On Tuesday, October 8, 2013, the United States Court of Appeals for the Fifth Circuit in BPU Management, Inc. v DOWCP (Donald Morgan) again addressed jurisdictional coverage under The Longshore and Harbor Workers’ Compensation Act (LHWCA). Following on the heels of New Orleans Depot Services, Inc., (NODSI) v. DOWCP, 718 Fed. 3rd 384, 387 (5th Cir. 2013) (en banc), which as discussed in a previous Offshore Winds blog post specifically addressed the confines of geographic situs, this panel of the Court addressed the functional component of the situs test.
In what appears to be a very common sensical approach to the “point of rest” concept as it was further defined by the Supreme Court in Northeast Marine Terminal, Co., Inc. v. Caputo, 432 U.S. 249, 267 (1977), the Fifth Circuit, based upon the particular factual setting of the claimant’s employment, posed the appropriate question. The determinative question as seen by the Court is whether the situs where the claimant was injured was customarily used for unloading a vessel.
The claimant, David Martin, had been employed with his employer between 1997 and 2006. The employer maintained a facility on the Texas Gulf Coast used for the production of industrial alumina from raw bauxite. The facility was situated along a navigable waterway so that vessels could easily unload feed stock materials and load finished products.
Bauxite would be unloaded from vessels at the employer’s dock using an overhead conveyer system which then carried the bauxite over a street and fence separating the dock area from the alumina processing facility. There the bauxite would be deposited into one of several bins located in a large covered storage area. The bauxite would remain in the storage area until needed later in the refining process. When required, the bauxite would be transferred by opening a trap door at the bottom of the bin. The bauxite would then drain into a screw feeder which broke down the bauxite into smaller pieces and deposited it onto a conveyor belt located in the cross tunnel.

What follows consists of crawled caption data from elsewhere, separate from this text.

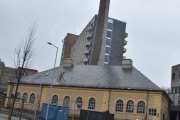 Da har vi kjørt igjennom Sinsenkrysset og kjører oppover Trondheimsveien. Her ser vi Hospital-sykehjemmet ved Aker sykehus som er fra 1912 og modernisert et par ganger senere. Pipa bak er fra samme tiden og begge er vernet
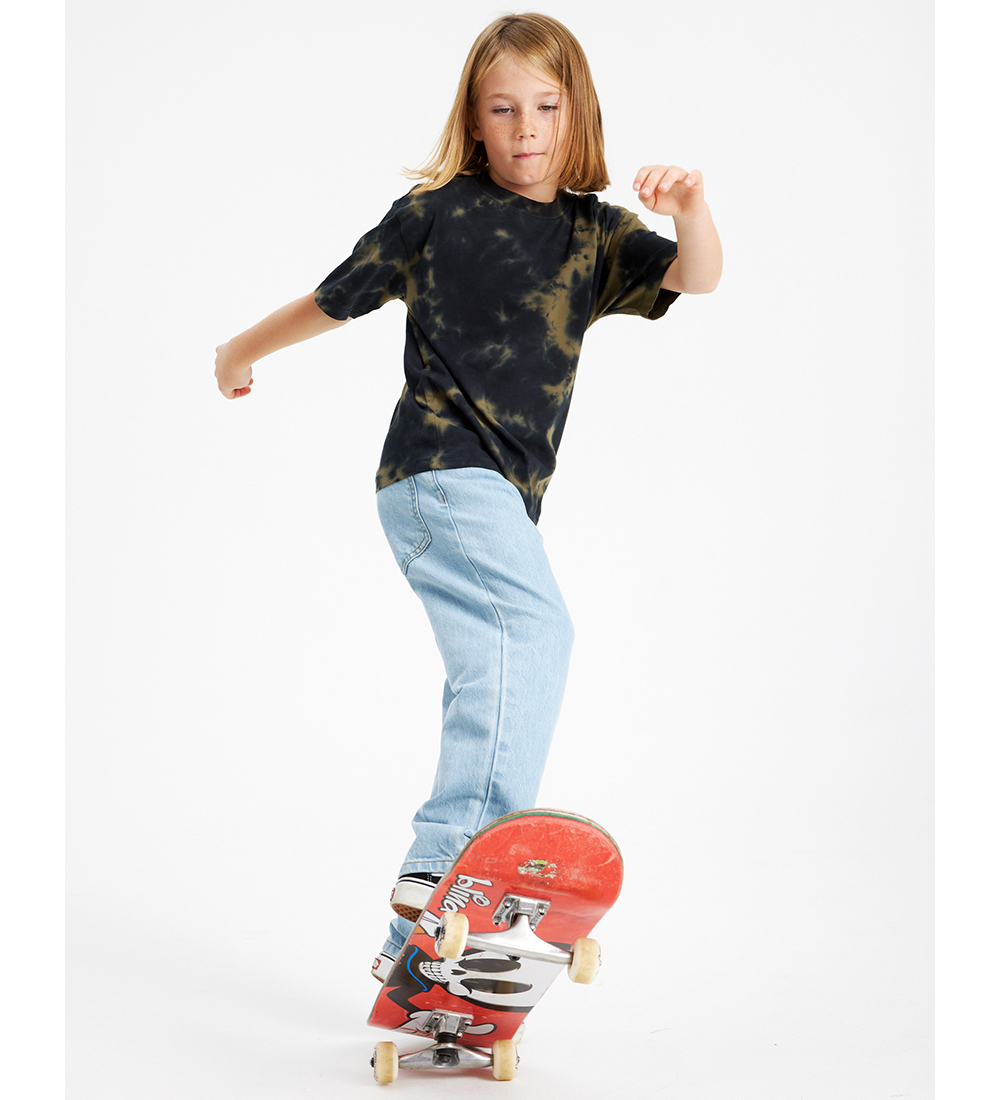 The New Jeans - Loose Fit - TnRe:Turn - Light Blue Denim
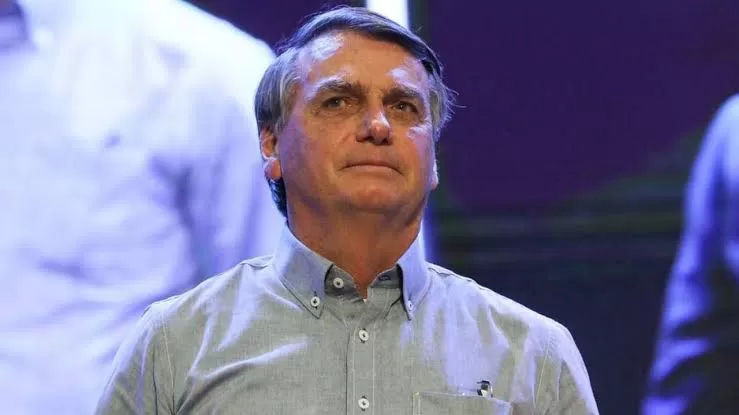 Bolsonaro passa mal na prisão e é levado a hospital em Brasília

Mr. Martin’s usual employment was as a dockworker to ensure that ships were properly docked and loaded or unloaded, but at other infrequent times he participated in the cleaning of bauxite debris in a cross tunnel. The back injury for which he sought compensation occurred while he was shoveling displaced bauxite back to the conveyor system located in the cross tunnel.
The courts below, finding situs had been established, reasoned that the cross tunnel where Martin was injured had a substantial nexus with the bulk site unloading process, indicating that it had a functional relationship with navigable waters. Because the storage buildings were used in unloading bauxite and did not house manufacturing facilities, the Court below deduced by elimination that the cross tunnel beneath the buildings was necessarily involved in the unloading process. The Fifth Circuit felt the focus of this inquiry to be misdirected and indicated that rather than determine if the site was used for manufacturing, the appropriate question was whether it was customarily used for unloading a vessel. If not, situs was not established.

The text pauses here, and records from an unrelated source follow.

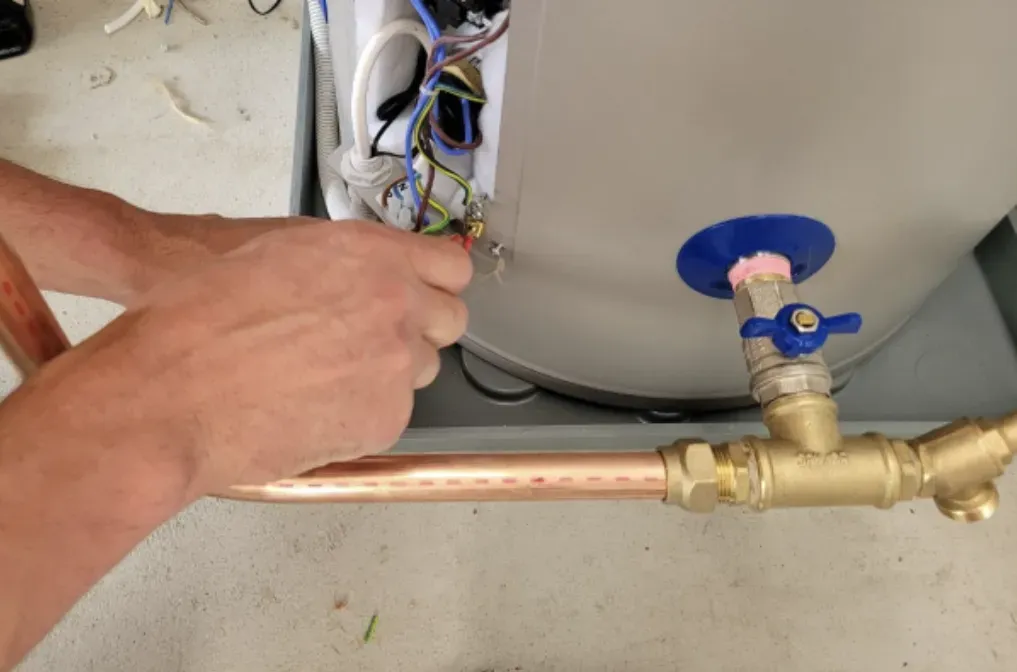 Hot water cylinder electrical repairs in Canterbury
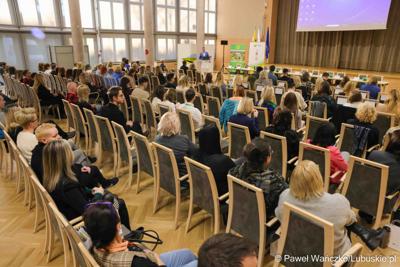 Uczestnicy międzynarodowej konferencji naukowej „Wyzwania psychiatrii dzieci i młodzieży w Europie” w Zielonej Górze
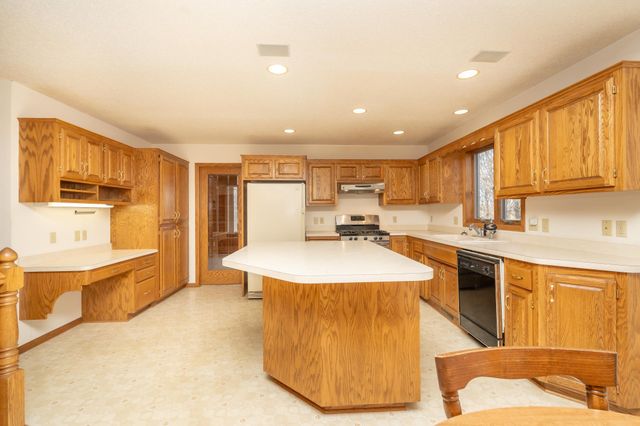 14310 Pike Lake Trail NE, Prior Lake, MN 55372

In answering this question, the Fifth Circuit noted that once the bauxite was delivered to the storage area, the employer’s engineering employees managed and controlled the bauxite’s further movement. It also noted that when the bauxite was placed into the bins, it was placed on top of previously discharged bauxite and would sit in the long term storage stockpile until it migrated to the bottom to be selected by the employer’s process engineers for production and movement for crushing in the screw feeder and finally transported toward the metal extraction facility by the conveyer located on the situs of Mr. Martin’s injury.

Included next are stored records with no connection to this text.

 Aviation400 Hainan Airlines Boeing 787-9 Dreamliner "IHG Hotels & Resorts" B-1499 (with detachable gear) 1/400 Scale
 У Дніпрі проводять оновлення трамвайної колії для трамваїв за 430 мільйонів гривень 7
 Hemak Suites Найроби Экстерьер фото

Once the facts of this case are understood, one can clearly see a demarcation between the unloading process and further activity involved with the bauxite, thus the Fifth Circuit ruled Mr. Martin was not covered under the LHWCA. Whether this decision will significantly affect other situs cases, as will the NODSI case, supra, it remains to be seen. The decision does, however, seem to answer the question that a Longshore Act employee, under certain circumstances, can walk in and out of coverage during his daily activities.